BRIEF: Return, verbatim and in full, the records that follow, but not their pictures.

EXERCISE MATERIAL:
-- -- --

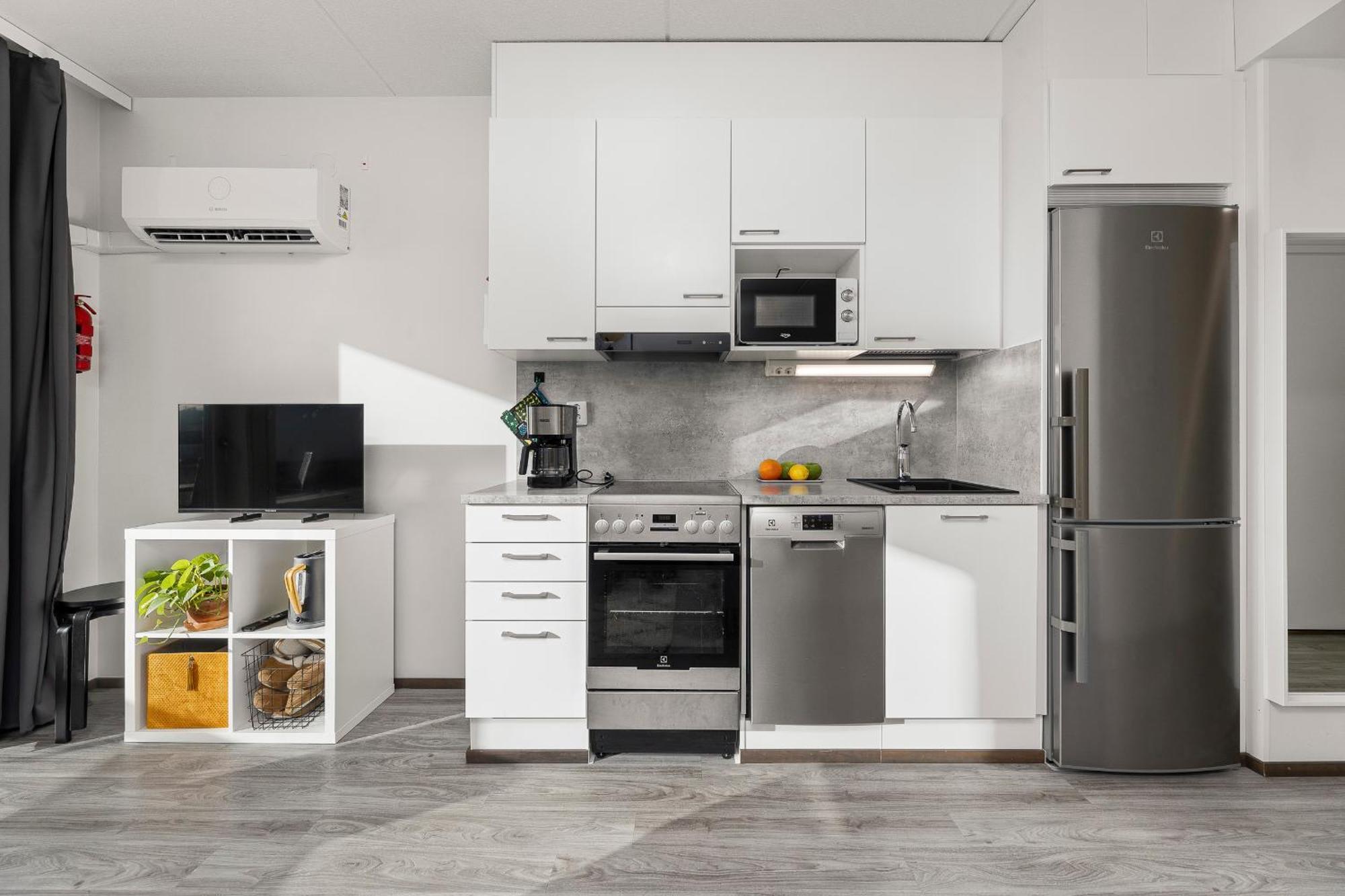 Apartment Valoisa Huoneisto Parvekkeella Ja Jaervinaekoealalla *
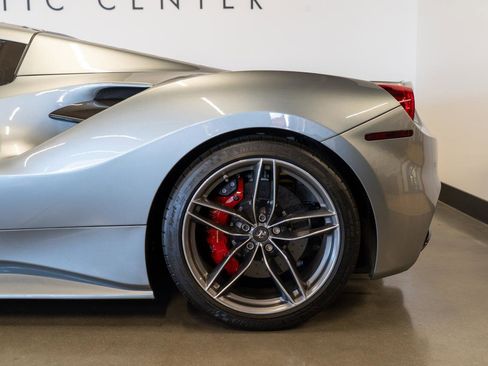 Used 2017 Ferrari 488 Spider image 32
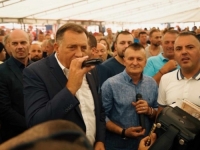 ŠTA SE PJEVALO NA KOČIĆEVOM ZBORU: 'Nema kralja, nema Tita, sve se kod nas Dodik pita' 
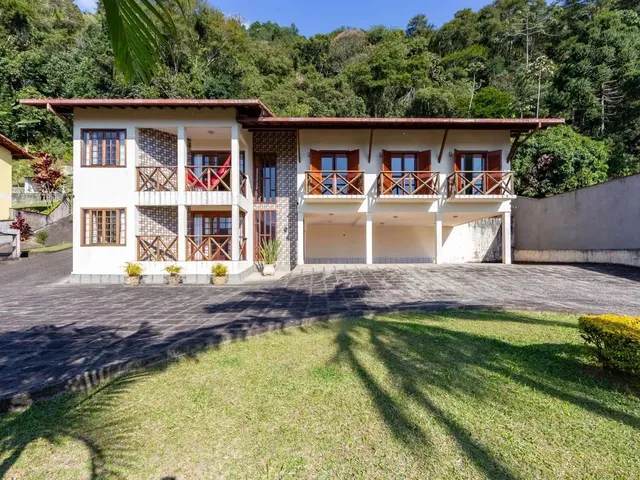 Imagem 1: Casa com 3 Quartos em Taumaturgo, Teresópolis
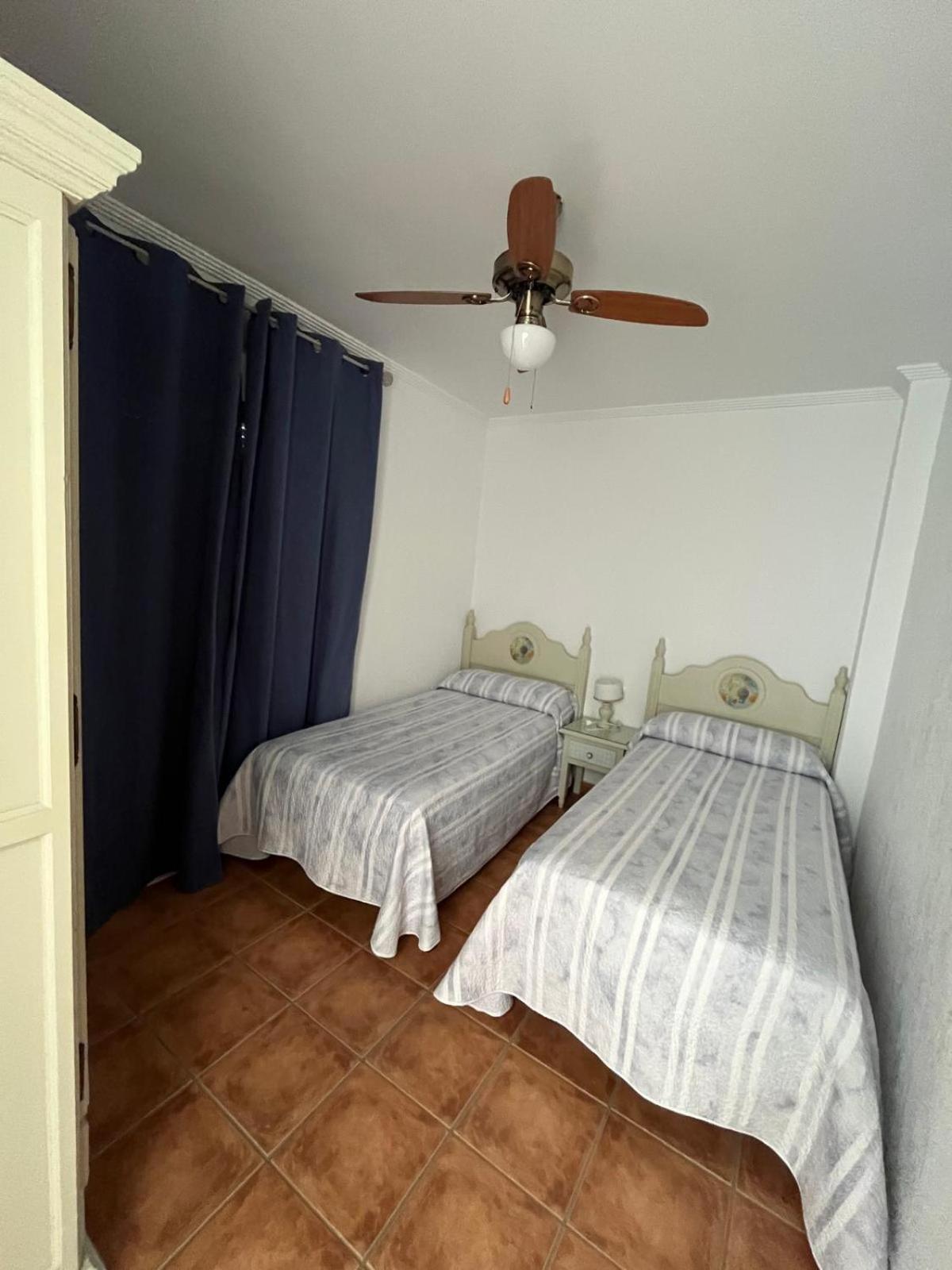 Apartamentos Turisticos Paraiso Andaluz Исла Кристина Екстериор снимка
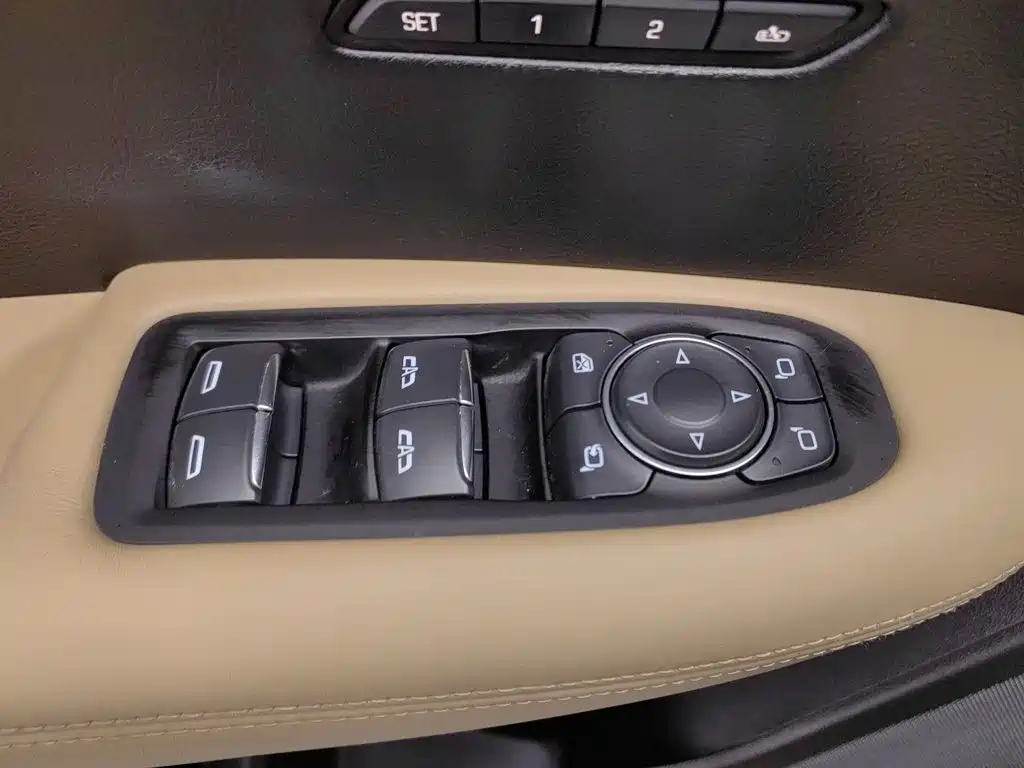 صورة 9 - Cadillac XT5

-- -- --

COMPLETED TASK:
 Apartment Valoisa Huoneisto Parvekkeella Ja Jaervinaekoealalla *
 Used 2017 Ferrari 488 Spider image 32
 ŠTA SE PJEVALO NA KOČIĆEVOM ZBORU: 'Nema kralja, nema Tita, sve se kod nas Dodik pita' 
 Imagem 1: Casa com 3 Quartos em Taumaturgo, Teresópolis
 Apartamentos Turisticos Paraiso Andaluz Исла Кристина Екстериор снимка
 صورة 9 - Cadillac XT5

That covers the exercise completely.